Oldest Kubernetes version supported: 1.16
⚠️ Kubernetes version 1.20.x is not supported! This Kubernetes issue prevents the controller from running properly on Kubernetes 1.20.0-1.20.4. Earlier versions of Kubernetes as well as 1.20.5 and later are still supported.
Datadog Chaos Controller
💣 Disclaimer💣 The Chaos Controller allows you to disrupt your Kubernetes infrastructure through various means including but not limited to: bringing down resources you have provisioned and preventing critical data from being transmitted between resources. The use of Chaos Controller on your production system is done at your own discretion and risk.
The Chaos Controller is a Kubernetes controller with which you can inject various systemic failures, at scale, and without caring about the implementation details of your Kubernetes infrastructure. It was created with a specific mindset answering Datadog's internal needs:
🐇 Be fast and operate at scale- At Datadog, we are running experiments injecting and cleaning failures to/from thousands of targets within a few minutes.
🚑 Be safe and operate in highly disrupted environments- The controller is built to be able to limit the blast radius of failures but also to be able to recover by itself in catastrophic scenarios.
💡 Be smart and operate in various technical environments- With Kubernetes, all environments are built differently.
- Whatever your cluster configuration and implement details choice, the controller is able to inject failures by relying on low-level Linux kernel features such as cgroups, tc or even eBPF.

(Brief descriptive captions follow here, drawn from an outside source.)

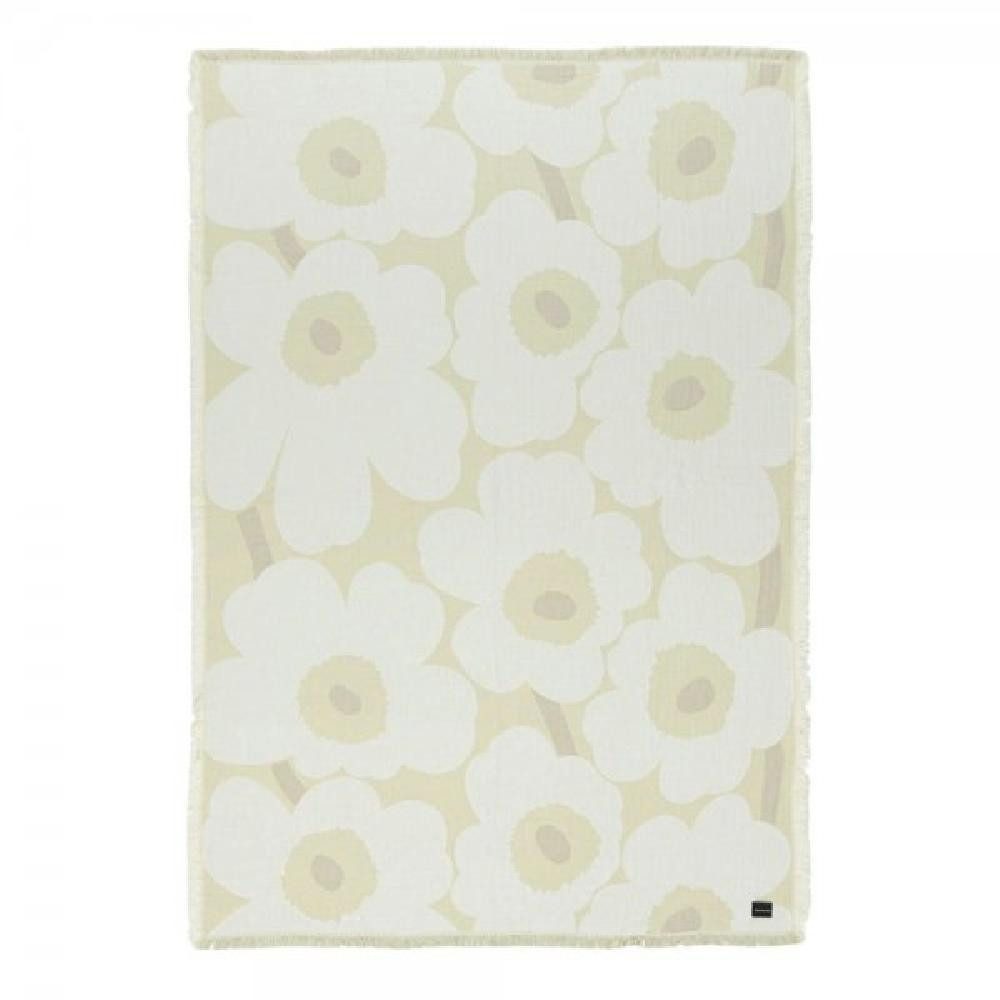 Marimekko Банные полотенца Badetuch Unikko Offwhite White (150x220cm)
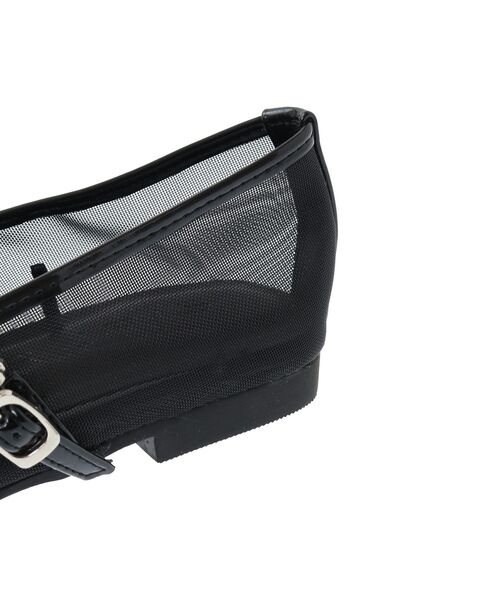 Green Parks(グリーンパークス)の「RUPIS. メッシュポインテッドメリージェーン(パンプス・レディース・シルバー/ブラック・S/M/L/XS/XL)」の11枚目の写真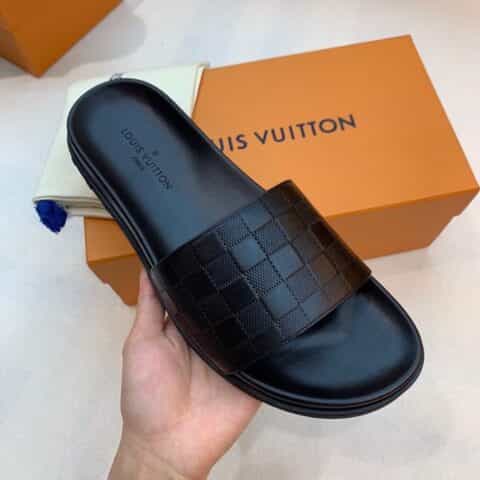 LV/路易威登 高端精品,原版材质L 牌奢品男士拖鞋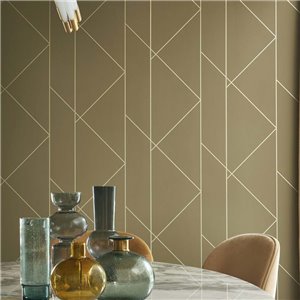 Casadeco|Papier peint moderne pour salon ou entrée, design géométrique|Moderne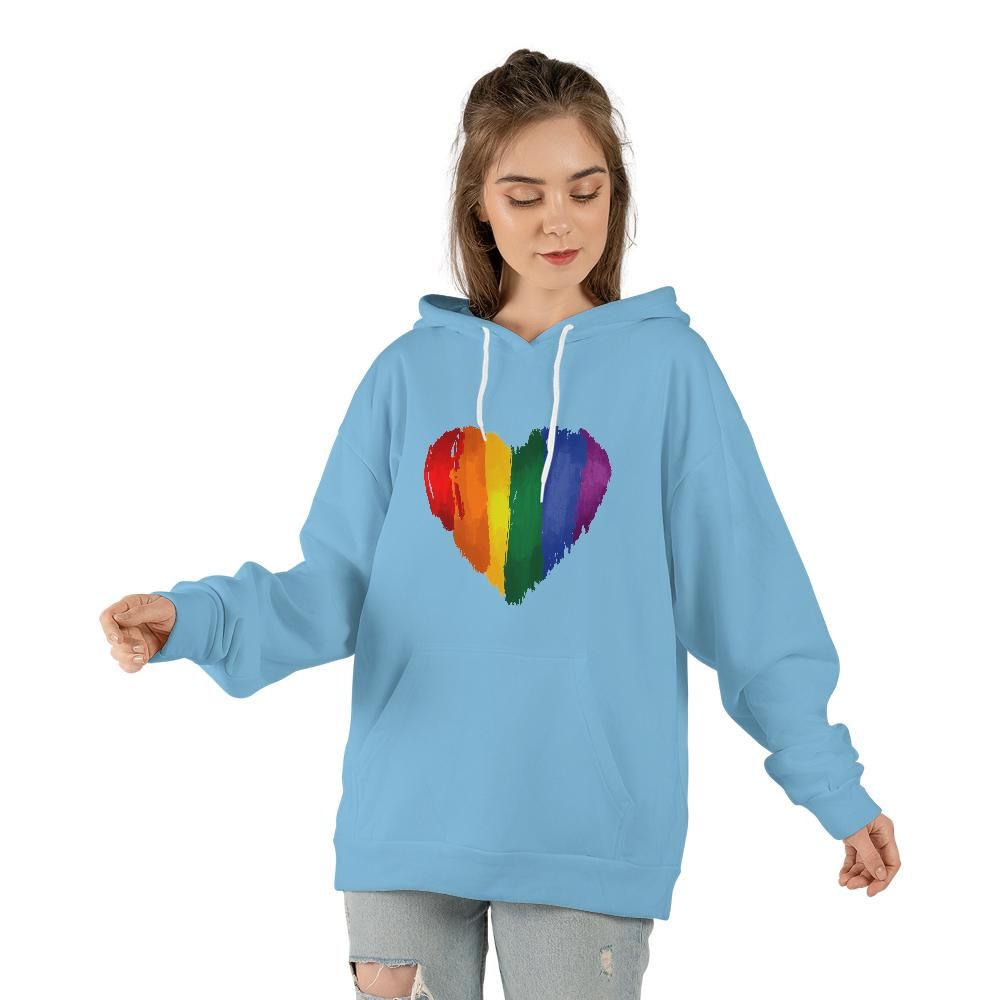 Pride Heart Classic Unisex Hoodie (Made in US)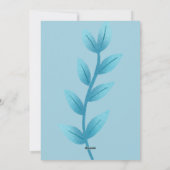 Rustikale Weihnachtsfamilie Feiertagskarte (Rückseite)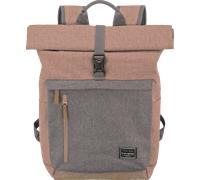 Travelite Basics Rolltop-Rucksack 60 cm -Rosa/Grau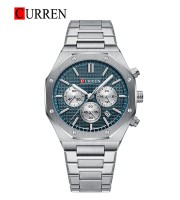 Curren 8440 Silver Blue Watch For Men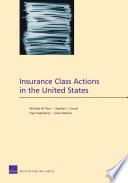 Insurance class actions in the United States /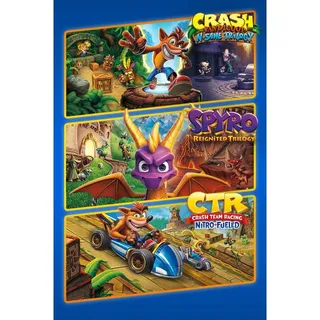 Crash™ + Spyro™ Triple Play Bundle ⚡AUTOMATIC DELIVERY⚡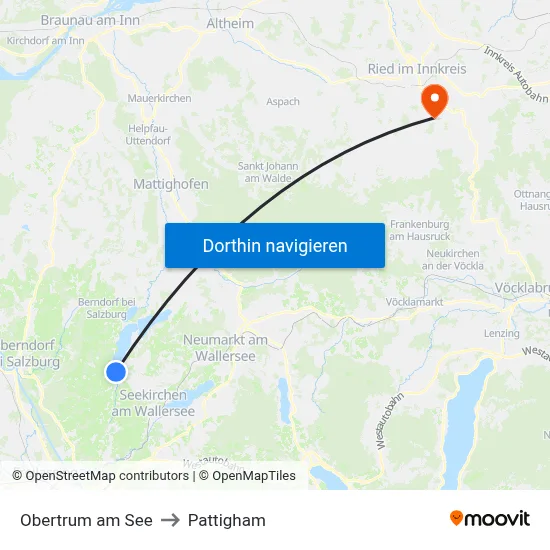 Obertrum am See to Pattigham map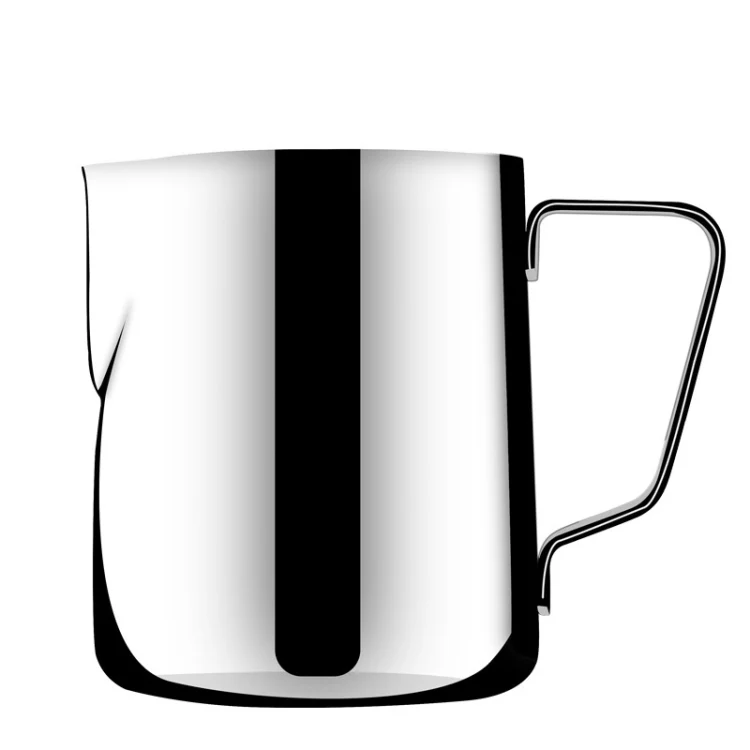 600ml  Inner Scale Pull Flower Cup Stainless Steel Milk Foam Cup Coffee Utensils - Image 2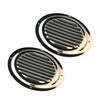 COC-LF Round Louvered Vent, Marine Boat VentStainless Steel Louvered VentTotal 2 Pack (5INCH) view 1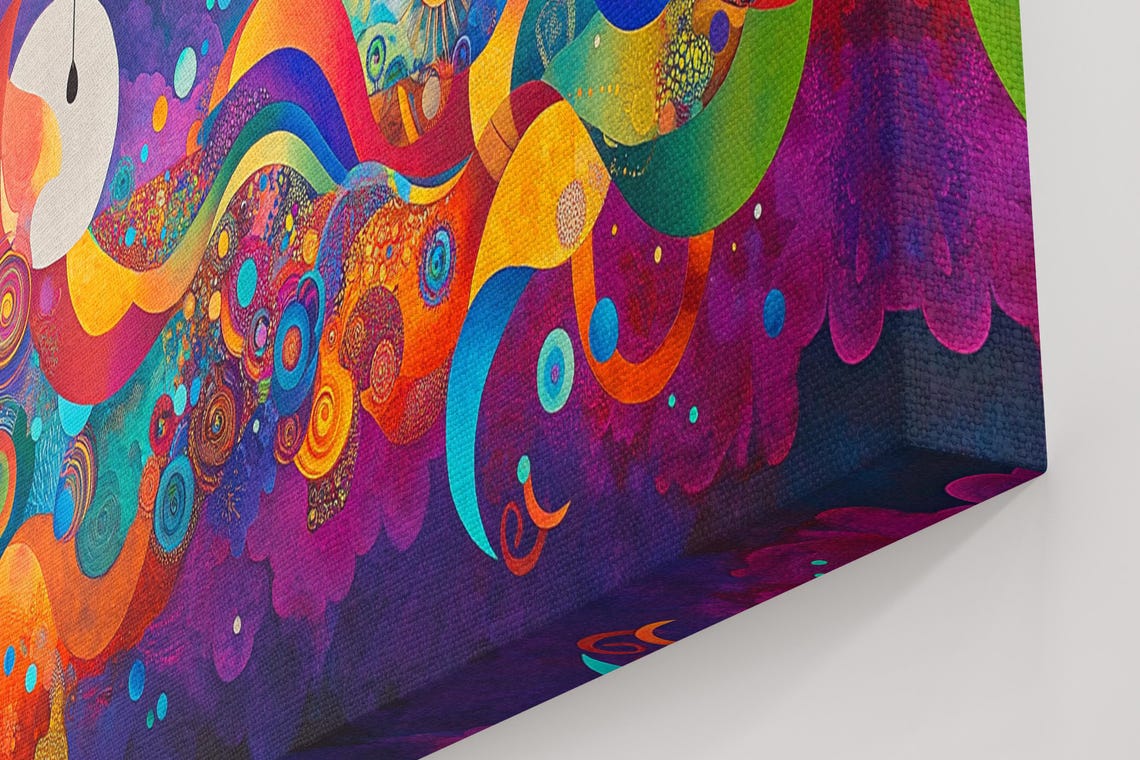 Rainbow Celestial Path Art Print - Image 4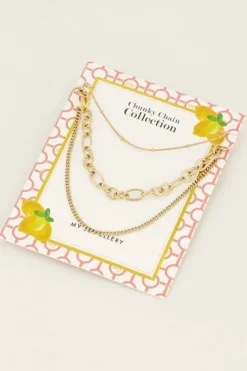 KETTING DRIELAAGSE BOLLETJES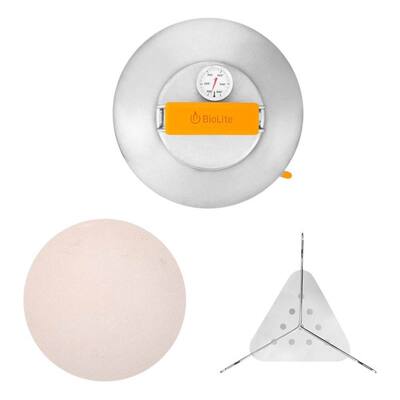 BioLite - PizzaDome Pizza Stone & Dome for BioLite BaseCamp - Silver/Yellow
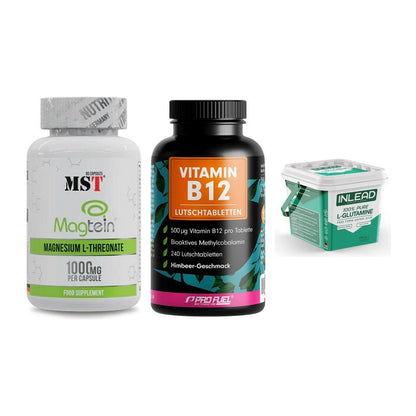 Ausdauer-Set: MST Magnesium + ProFuel Vitamin + INLEAD L-Glutami – alle enthaltenen Artikel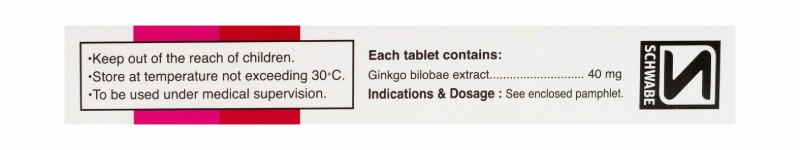 Tebonina Forte 40mg Ginkgo Extract Supplement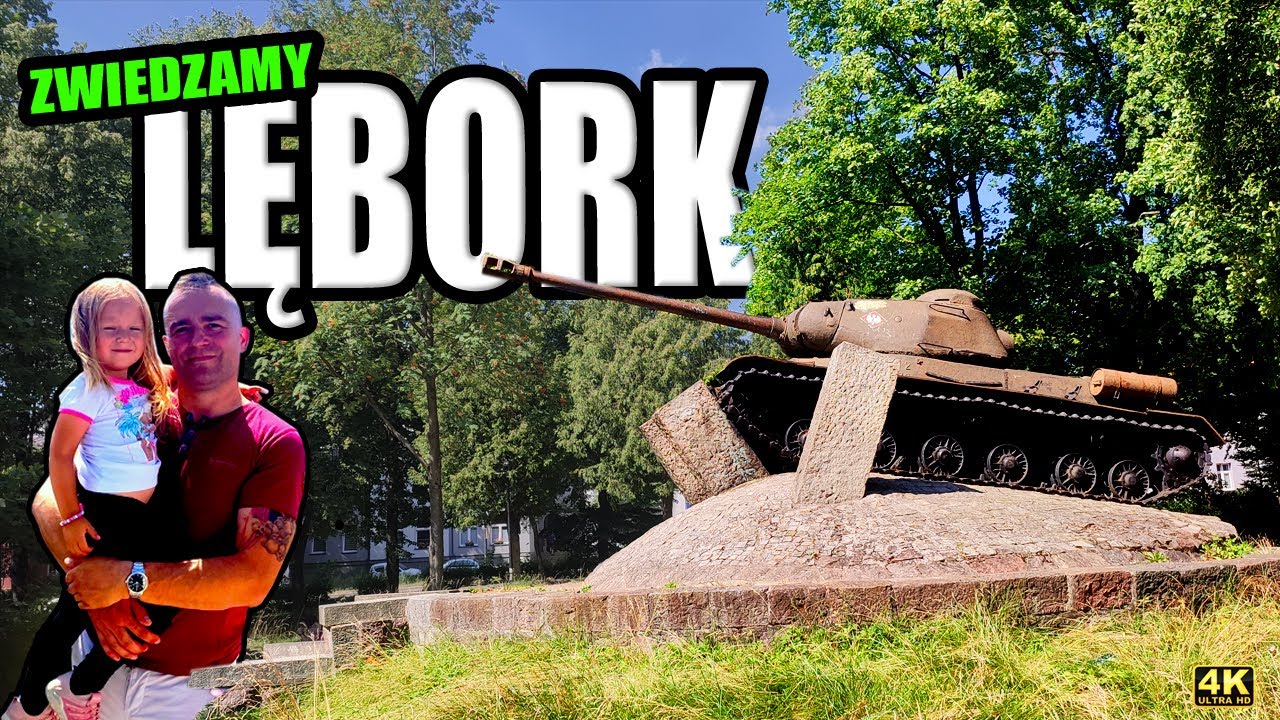 Lębork   zamek, wieża ciśnień, kamienne kręgi, czołg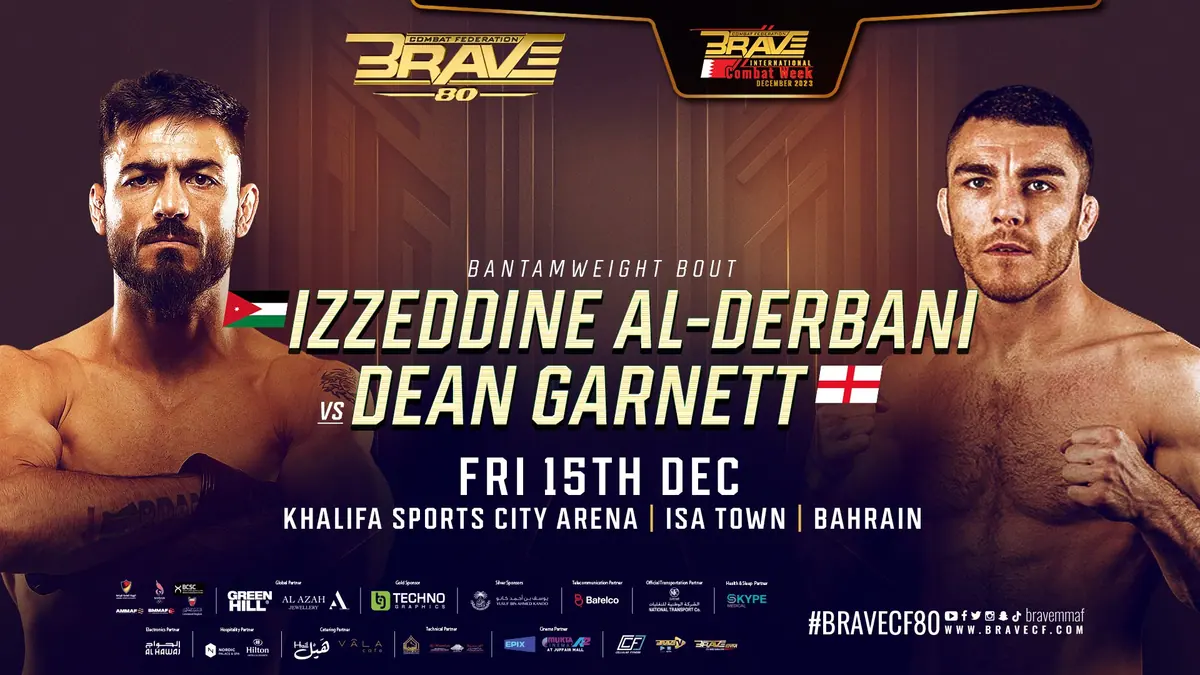 UFC fighter Mokaevs coach Dean Garnett takes on Izzeddine Al-Derbani on BRAVE CF 80 on December 15th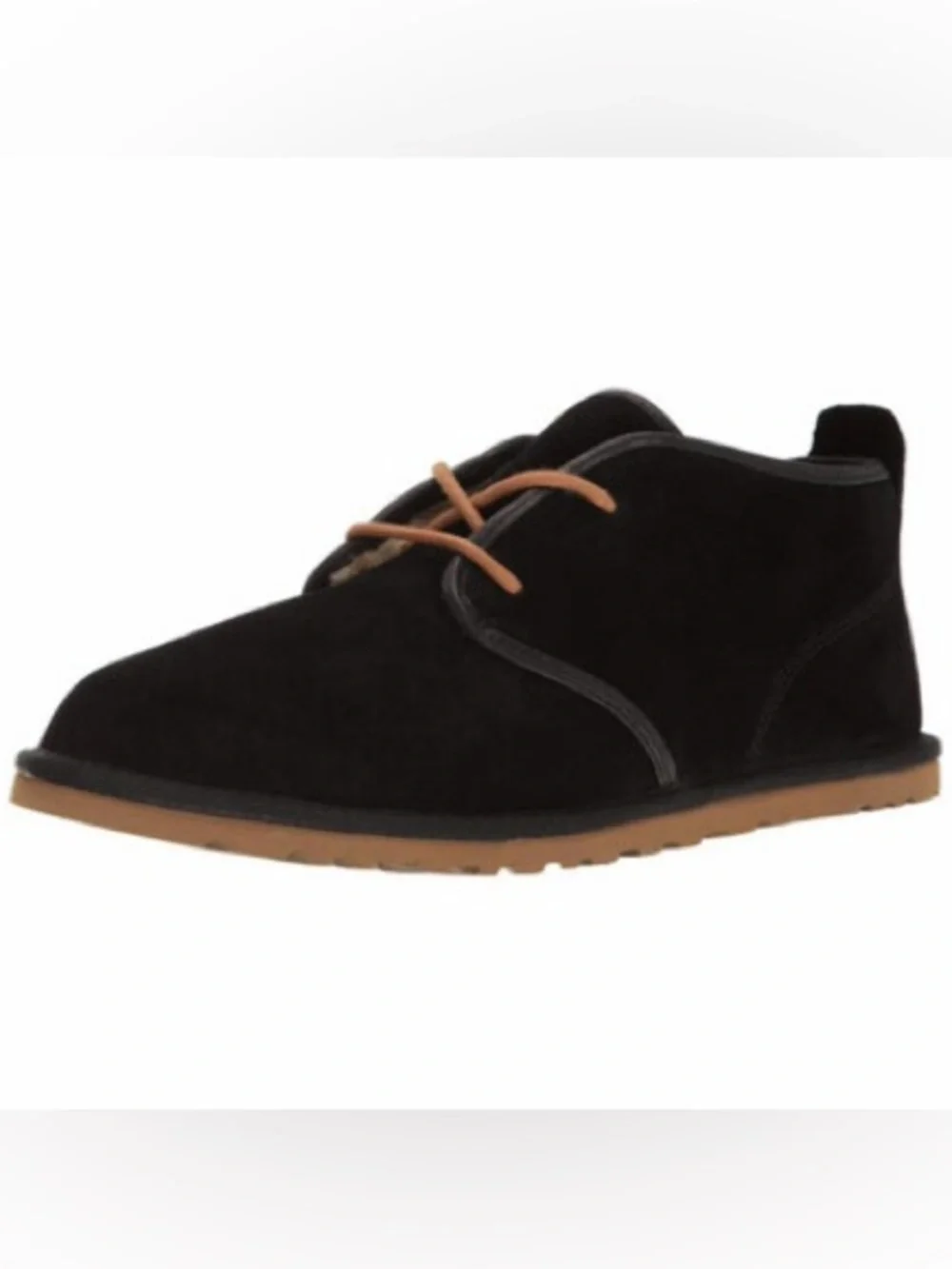 UGG Men’s Black Suede Chukka Boot with Tan Laces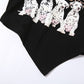Romn Girl Dalmatians Print T-shirt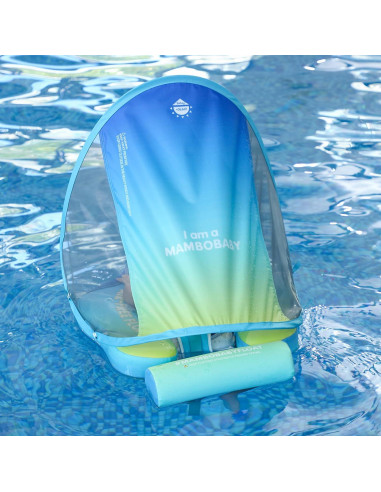 Flotador de Natación Mambobaby con Dosel UV 50+ para Bebés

🪙 Be simple and operate at low cost- Most of the time, your Chaos Engineering platform is waiting and doing nothing.
- We built this project so it uses resources only when it is really doing something:
- No DaemonSet or any always-running processes on your nodes for injection, no reserved resources when it's not needed.
- Injection pods are created only when it is needed, killed once experiment is done, and built to be evicted if necessary to free resources.
- A single long-running pod, the controller, and nothing else!
Getting Started
💡 Read the latest release quick installation guide and the configuration guide to know how to deploy the controller.
Disruptions are built as short-living resources which should be manually created and removed once your experiments are done. They should not be part of any application deployment. The Disruption
resource is immutable. Once applied, you can't edit it. If you need to change the disruption definition, you need to delete the existing resource and to re-create it.
Getting started is as simple as creating a Kubernetes resource:
apiVersion: chaos.datadoghq.com/v1beta1
kind: Disruption
metadata:
name: node-failure
namespace: chaos-demo # it must be in the same namespace as targeted resources
spec:
selector: # a label selector used to target resources
app: demo-curl
count: 1 # the number of resources to target, can be a percentage
duration: 1h # the amount of time before your disruption automatically terminates itself, for safety
nodeFailure: # trigger a kernel panic on the target node
shutdown: false # do not force the node to be kept down
To disrupt your cluster, run kubectl apply -f <disruption_file.yaml>
. You can clean up the disruption with kubectl delete -f <disruption_file>.yaml
. For your safety, we recommend you get started with the dry-run
mode enabled.
📖 The features guide details all the features of the Chaos Controller.
📖 The examples guide contains a list of various disruption files that you can use.
Check out Chaosli if you want some help understanding/creating disruption configurations.
Contributing
Chaos Engineering is necessarily different from system to system. We encourage you to try out this tool, and extend it for your own use cases. If you want to run the source code locally to make and test implementation changes, visit the Contributing Doc. By the way, we welcome Pull Requests.